▶ [Material for the task]
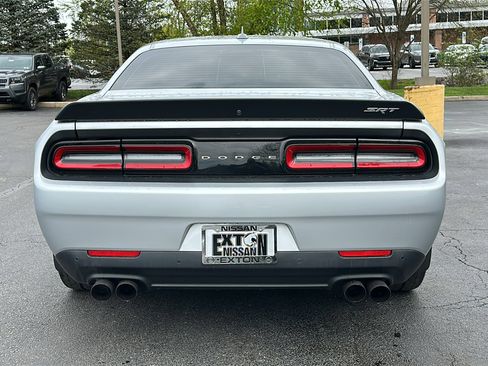 Used 2019 Dodge Challenger R/T Scat Pack RWD image 5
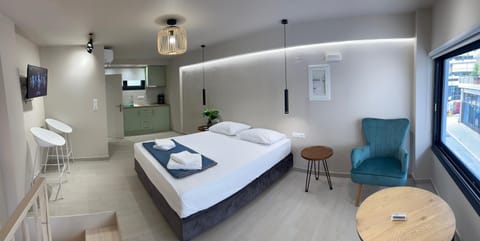 Bed, TV and multimedia, Photo of the whole room, Bedroom, towels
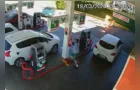Imagem mostra frentista ateando fogo contra cliente no PR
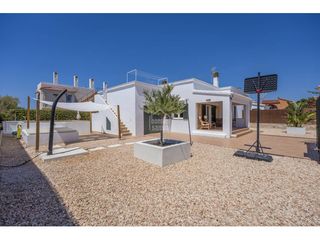 Xalet a Cala Blanca. Interesante chalet en cala blanca, ciutadella, menorca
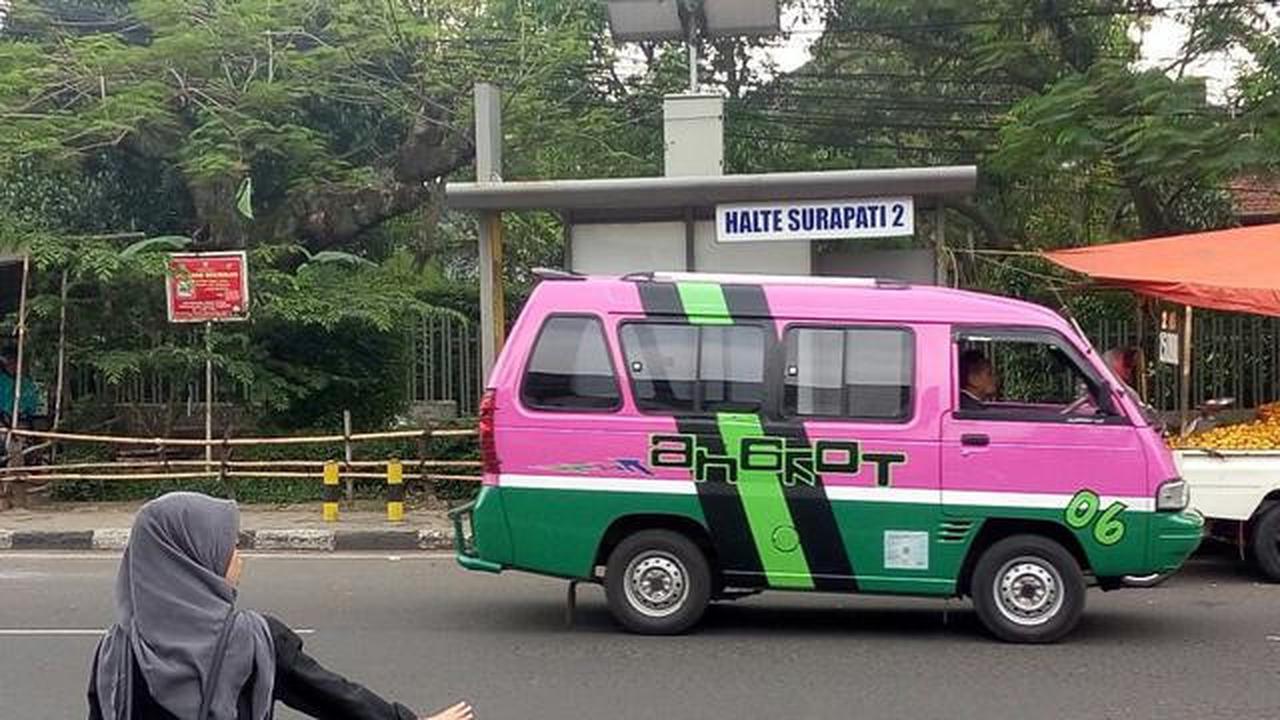 Dedi Mulyadi Liburkan Angkot Kota Bandung pada 31 Desember 2025 dan 1 Januari 2026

▶ [Task to carry out] Pictures are not part of the copy. Please reproduce the material word for word.

▶ [Solution]
 Used 2019 Dodge Challenger R/T Scat Pack RWD image 5
 Bed, TV and multimedia, Photo of the whole room, Bedroom, towels
Imagem mostra frentista ateando fogo contra cliente no PR
 Xalet a Cala Blanca. Interesante chalet en cala blanca, ciutadella, menorca
 Dedi Mulyadi Liburkan Angkot Kota Bandung pada 31 Desember 2025 dan 1 Januari 2026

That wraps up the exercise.